10 Aralık 2008 Çarşamba

."i dissappeared exactly one year ago".

.rüyalarım yordu beni. o kadar uzun sürdü ki, tamam bu sefer buldum onu dedim. yanına yaklaşmaya korktum ama buldum onu, gördüm.


.1 seneden çok olmuş. bu fotoğraf bir mucize. tarih 8 eylül 2007 iken benim hala yaşıyor olmam ve sonrasında 9 eylülde gelen beklenmedik 2 dost. en son görüşmemiz oldu. özlem beni hasta etti. zihnim bulanık. uykularım bir koşturmaca ve savaş kendimle. geçer diye beklediğim bir yara ama asla kabuk bağlamayan.
bekleyeceğim, koşturacağım, yorulup düşene kadar uyumadan duracağım.
saçma bir döngü bu. hergün sabaha karşı yatağa düşünce bedenim durmuyor ve bulduğunu sanıyor. oysa bu bir aldatmaca. bulanık sularda gördüğünü sandığım bir yansıma, ben olmayan.

7 Aralık 2008 Pazar

.still have those cds.


.nerdeyse 10 yaşında bir müzik setim var. yıllardan beri istediğim şeydi. ben daha anne karnında müzikle gelişmiş bir insanım annemler sağolsun. bir şekilde hep dinlemişim. hala dinlerim güzel bulduğum ne varsa. eskiden plak varmış, öyle bir teknoloji bizim evimizde olmadı ama babaannemlerde hep batı klasiklerini öyle dinledim. sonra kaset furyası başladı. bizimkilerin de deli bir kaset arşivi vardı. bir de ITT radyo. o küçük evimizin salonunda dururdu. kasetleri de sarardı bir dönem tabi. o hep olan şey zaten. sonra ortaokul zamanında ben onu odama almaya başladım sürekli, sonra benim odada sabitlendi. iyice kendini kaybetti tabi o dönem. ta ki benim kendime ait ve cd de çalan bir müzik setim olana kadar ben öyle 30 senelik walkman ile yaşadım-o da annemin üniversitede sahip olduğu walkman idi. kalemle ileri-geri sarmaca. sonra benim için bir elektronik alet olmayan, en güçlü duygusal bağlarımdan birini kurduğum müzik setim geldi.

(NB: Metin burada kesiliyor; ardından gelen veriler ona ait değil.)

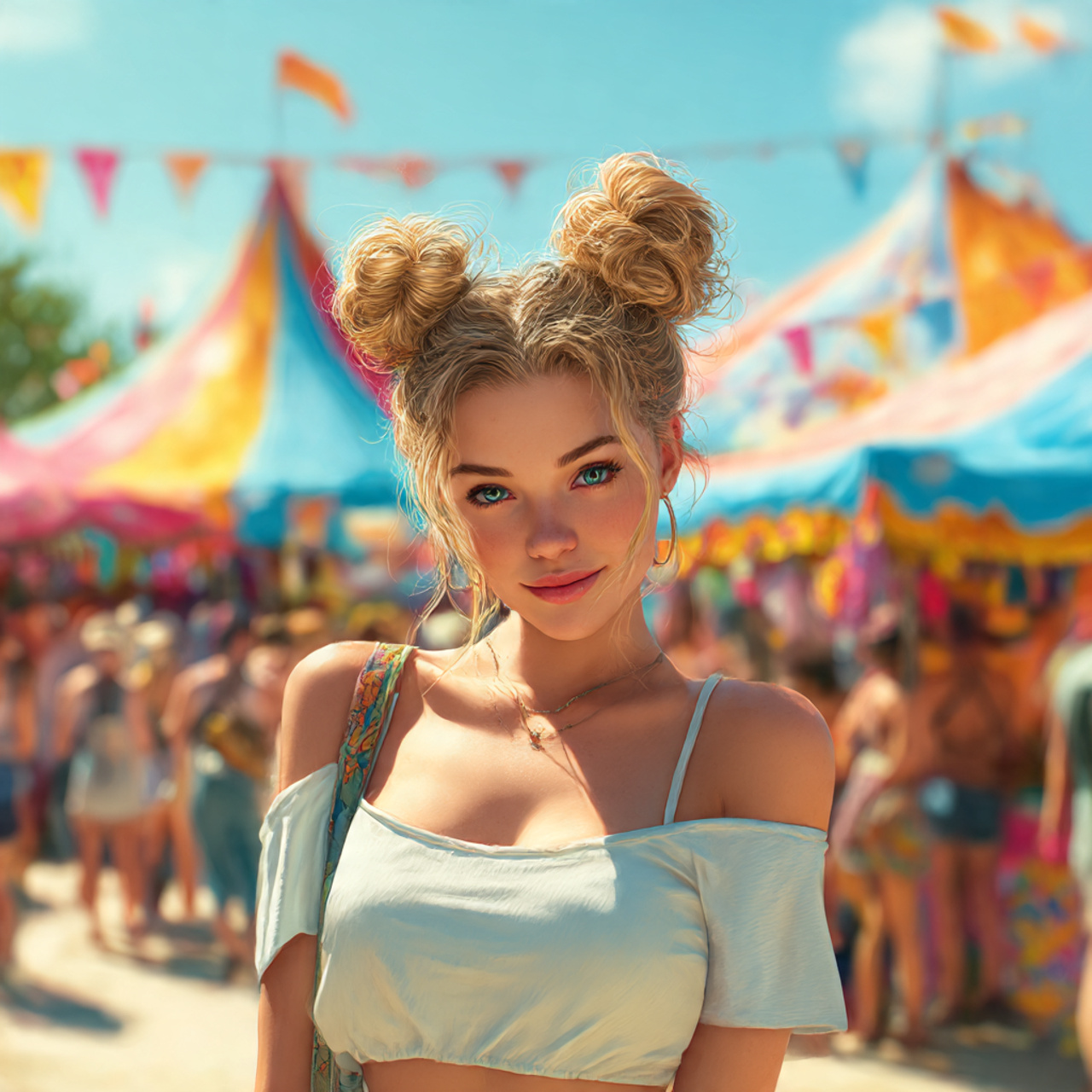 27 Chic & Easy Summer Hairstyles: Humidity-Proof Looks 8 a playful young woman with two high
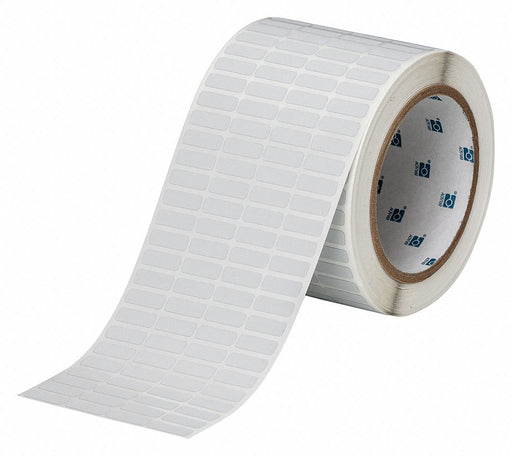 Pre-Cut Label Stock Roll Silver Matte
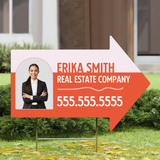 Directional Arrow Yard Sign Directional Sign Market Dwellings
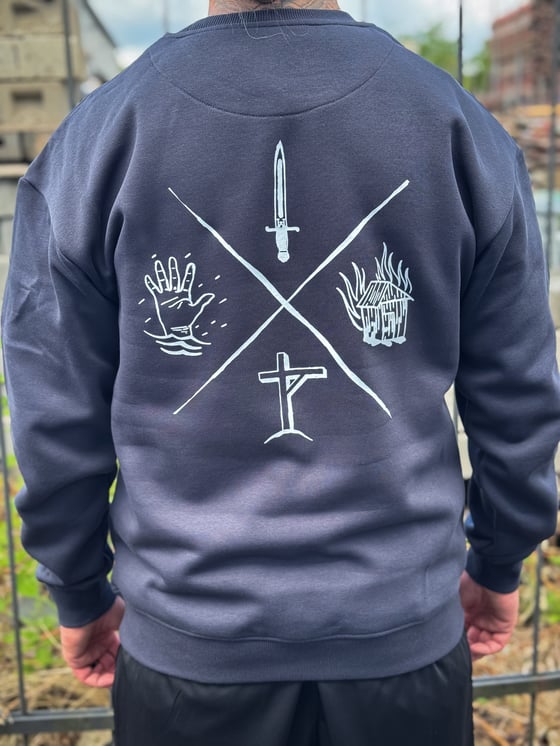 Image of Sweatshirt "Logo" - Navy 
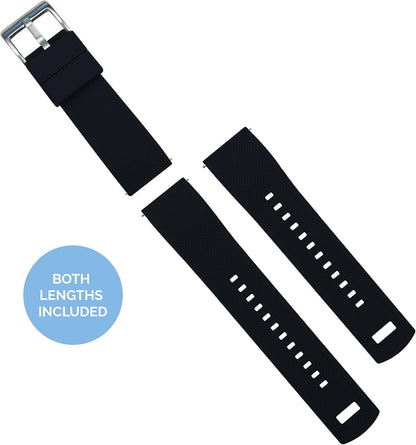 BARTON Elite Silicone Watch Bands - Quick Release - Choose Strap Color & Buckle Color (Stainless Steel, Black PVD or Gunmetal Grey) - 18mm, 20mm, 22mm & 24mm Watch Straps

.lise zamanlarımda ciddi bir cd arşivi yapmaya başladım, zero'yu keşfettim, zihni'yi keşfettim akmar'a babamdan gizli gitmeye başladığım günlerde. bilgisayar, mp3 çalar yokken ya da en azından ben bunlardan üniversiteye kadar bihaberken ben hala cd alır idim. tabi verilen harçlığı cd, dergi, ikinci el kitaba yatırınca insan hepsine sahip olabiliyor. hala o arşivim genişlemeyi bekliyor, bir yandan da sevgili müzik çalarımın tamirini bekliyordu aslında. sonunda adam gibi hoparlör ile kaliteli bir sese erişmem mümkün. bu beni mutlu ediyor işte, bu kadar basit. güneş de var. bugün pazar, hadi gezelim.

6 Aralık 2008 Cumartesi

.happy bear.

.neden olduğunu bilmiyorum ama insanlardan uzak kalmaya çabaladığım dönem kendi kendine biterken artık insanlar benden uzaklaşıyor. hatta büyük laflar ediyorlar, her şeyi siliyorlar. ben de o kadar sakin duruyorum ki yine eskisine yakın biçimde. kendimle uğraşmayı yeniden ertelerken rahatım, iyi sayılacak kadar kötü olmadığımı biliyorum. keyifli yanlarıyla sarılıyorum, oturuyorum, eğleniyorum, gülümsüyorum hatta uyuyorum. geçmesi gereken bir dönemdi, sıkıntıların arkada kalması gerekliydi. kurtarıcı ya da kahraman aramaya gerek yok. bir film, bir parça, bir ses, bir söz, bir gözyaşı, bir kahkaha, bir bağırış hepsi bu kadardı belki de. biraz daha aldırmaz, üstelemez ve sessiz olmak iyi. sinirlenmeden gülüp geçmek de. mutlu sayılabilirim hatta.
.o zaman güzel şeyler yapayım biraz da.